Juntas, as duas empresas já lucraram R$ 3,8 milhões por vendas de outros veículos à Codevasf, como caminhões basculantes e com carroceria de madeira entre 2021 e 2022. Além do senador Vanderlan Cardoso (PSD-GO), fizeram emendas que beneficiaram as empresas a deputada Bia Kicis (PL-DF), de R$ 839,4 mil, e a deputada Magda Mofatto (PL-GO), de R$ 297,9 mil. A deputada de Brasília disse que apenas indicou emendas para a Companhia de Desenvolvimento dos Vales do São Francisco e do Parnaíba (Codevasf).

A farra na compra de caminhões de lixo através de licitações irregulares na Codevasf e a sua distribuição nos currais eleitorais de políticos bolsonaristas tem sido revelada pelo Estadão numa série de reportagens.

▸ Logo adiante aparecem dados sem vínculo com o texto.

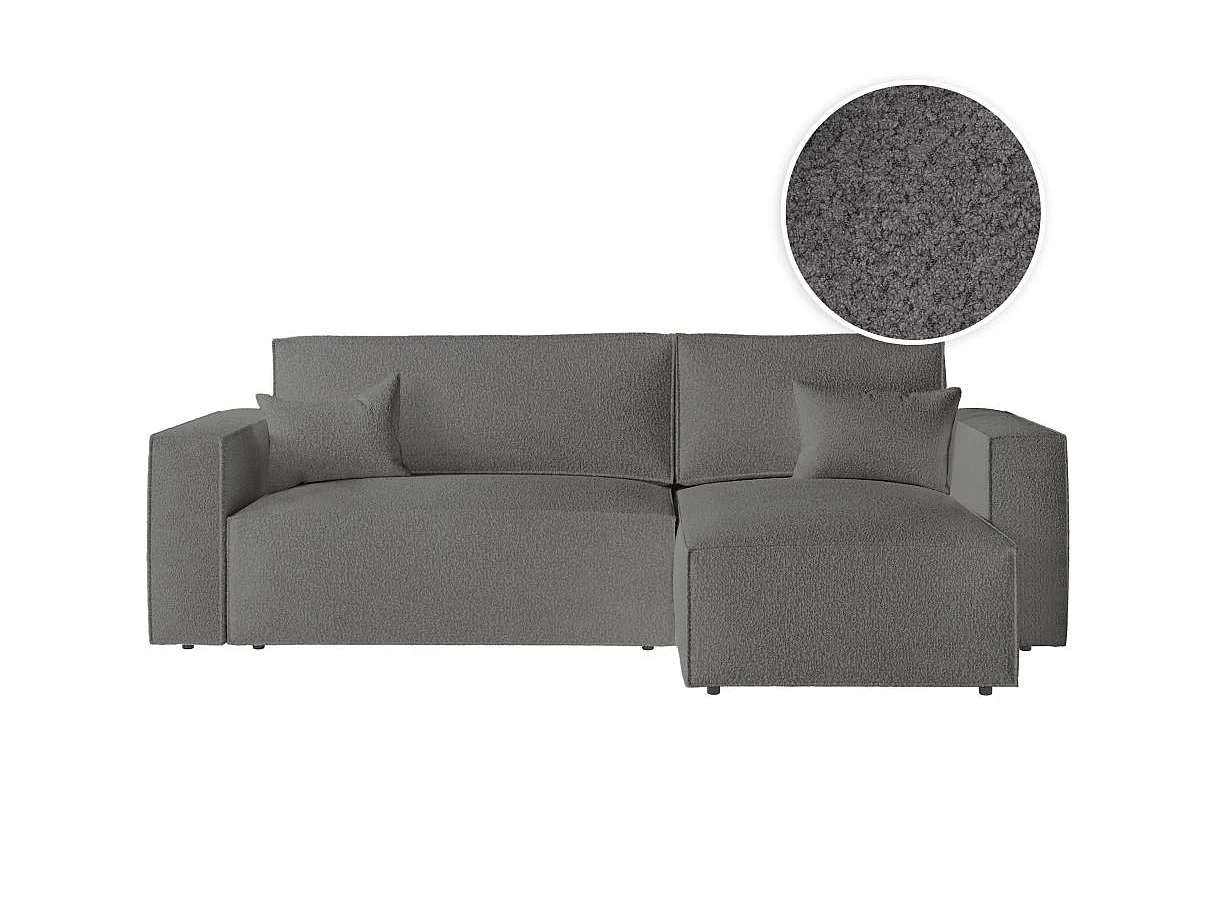 Canapé d'angle convertible 3 places avec coffre en tissu gris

Há relatos de licitações concluídas em 88 segundos. O jornal identificou indícios de superfaturamento de R$ 109 milhões em contratos com empresas em nome de “laranjas” e ligadas a políticos – como o ministro da Casa Civil, Ciro Nogueira.

Apressado em torrar a verba do orçamento secreto, o senador bolsonarista Vanderlan Cardoso se envolveu diretamente na interlocução com essas empresas. Dos R$ 21 milhões previstos para as duas empresas de Goiânia – Globalcenter Mercantil Eireli e Fibra Distribuição e Logística Eireli –, R$ 4,7 milhões foram direcionados pelo senador Vanderlan Cardoso (PSD-GO) para a compra de 15 veículos compactadores de lixo.

Especialista em licitação, o advogado Anderson Medeiros Bonfim afirma que a atitude do senador pode ferir o princípio da moralidade pública. “Parlamentar não é administrador público, razão pela qual deve cingir às suas atribuições institucionais, sem se imiscuir ou procurar influenciar contratos administrativos em execução. O ato de indagar se há estoque de determinado produto é uma conduta atípica, que deve ser investigada”, afirmou.

Os donos da Globalcenter e da Fibra dividem o mesmo escritório em Goiânia e ameaçaram os repórteres que foram ao local. Pressionado, o laranja da Globalcenter disse que tinha fechado a empresa no fim de 2020 por dificuldades financeiras. Ao contrário do que ele afirmou, a firma continuou atuando em pregões após o suposto fechamento. Até hoje, está ativa e registrada em nome dele na Receita Federal.

MICROEMPRESA AGRACIADA COM MILHÕES

Por sua vez, a Fibra se declarava à Receita Federal como microempresa – condição que limita o faturamento bruto em R$ 360 mil. “Antes, eu mexia com merenda escolar e fui migrando. A gente vai vendendo para os outros e vendo o que dá mais dinheiro. Daqui a dez anos, você volta aqui pra ver”, disse ao explicar a entrada repentina no mercado de veículos pesados.

Antes de ganhar as licitações na Companhia de Desenvolvimento dos Vales do São Francisco e do Parnaíba (Codevasf) para a venda de caminhões de lixo, a Globalcenter vendia ar-condicionado, computadores e outros produtos. A empresa foi punida administrativamente por prefeituras, pelo governo de Goiás e até pelo Tribunal Regional Eleitoral do Maranhão por não cumprir contratos.